Top of DATA FOR REVIEW

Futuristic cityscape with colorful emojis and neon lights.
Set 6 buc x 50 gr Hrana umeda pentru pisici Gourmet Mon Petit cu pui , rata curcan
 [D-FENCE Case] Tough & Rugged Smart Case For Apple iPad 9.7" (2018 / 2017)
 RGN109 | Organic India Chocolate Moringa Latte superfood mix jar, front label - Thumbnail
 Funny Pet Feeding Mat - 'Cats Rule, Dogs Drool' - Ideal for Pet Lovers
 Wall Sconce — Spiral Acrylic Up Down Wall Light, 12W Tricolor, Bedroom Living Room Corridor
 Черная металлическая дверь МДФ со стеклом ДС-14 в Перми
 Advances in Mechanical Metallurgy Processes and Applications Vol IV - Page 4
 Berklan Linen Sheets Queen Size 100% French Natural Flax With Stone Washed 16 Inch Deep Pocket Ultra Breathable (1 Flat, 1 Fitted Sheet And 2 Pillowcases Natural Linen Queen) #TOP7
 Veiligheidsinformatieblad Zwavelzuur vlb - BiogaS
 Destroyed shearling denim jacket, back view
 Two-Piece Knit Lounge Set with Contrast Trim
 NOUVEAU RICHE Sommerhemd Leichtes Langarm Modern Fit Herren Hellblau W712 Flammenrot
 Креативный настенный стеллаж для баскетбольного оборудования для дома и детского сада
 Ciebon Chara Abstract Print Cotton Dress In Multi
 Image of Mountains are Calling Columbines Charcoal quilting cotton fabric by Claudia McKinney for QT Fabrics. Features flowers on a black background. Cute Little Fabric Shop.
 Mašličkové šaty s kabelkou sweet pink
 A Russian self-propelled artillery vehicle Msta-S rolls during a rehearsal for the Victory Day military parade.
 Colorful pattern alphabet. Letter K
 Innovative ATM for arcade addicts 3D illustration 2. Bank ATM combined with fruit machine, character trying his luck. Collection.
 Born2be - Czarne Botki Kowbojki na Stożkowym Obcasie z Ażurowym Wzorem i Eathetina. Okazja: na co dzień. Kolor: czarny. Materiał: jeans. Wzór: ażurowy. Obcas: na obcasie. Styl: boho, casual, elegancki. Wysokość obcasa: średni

Bottom of DATA FOR REVIEW

• **INSTRUCTIONS TO FOLLOW**
Give back exactly the lines from the one that contains "Wall Sconce —" to the end of the material, both ends kept, and no other line.

• **TASK ANSWER**
 Wall Sconce — Spiral Acrylic Up Down Wall Light, 12W Tricolor, Bedroom Living Room Corridor
 Черная металлическая дверь МДФ со стеклом ДС-14 в Перми
 Advances in Mechanical Metallurgy Processes and Applications Vol IV - Page 4
 Berklan Linen Sheets Queen Size 100% French Natural Flax With Stone Washed 16 Inch Deep Pocket Ultra Breathable (1 Flat, 1 Fitted Sheet And 2 Pillowcases Natural Linen Queen) #TOP7
 Veiligheidsinformatieblad Zwavelzuur vlb - BiogaS
 Destroyed shearling denim jacket, back view
 Two-Piece Knit Lounge Set with Contrast Trim
 NOUVEAU RICHE Sommerhemd Leichtes Langarm Modern Fit Herren Hellblau W712 Flammenrot
 Креативный настенный стеллаж для баскетбольного оборудования для дома и детского сада
 Ciebon Chara Abstract Print Cotton Dress In Multi
 Image of Mountains are Calling Columbines Charcoal quilting cotton fabric by Claudia McKinney for QT Fabrics. Features flowers on a black background. Cute Little Fabric Shop.
 Mašličkové šaty s kabelkou sweet pink
 A Russian self-propelled artillery vehicle Msta-S rolls during a rehearsal for the Victory Day military parade.
 Colorful pattern alphabet. Letter K
 Innovative ATM for arcade addicts 3D illustration 2. Bank ATM combined with fruit machine, character trying his luck. Collection.
 Born2be - Czarne Botki Kowbojki na Stożkowym Obcasie z Ażurowym Wzorem i Eathetina. Okazja: na co dzień. Kolor: czarny. Materiał: jeans. Wzór: ażurowy. Obcas: na obcasie. Styl: boho, casual, elegancki. Wysokość obcasa: średni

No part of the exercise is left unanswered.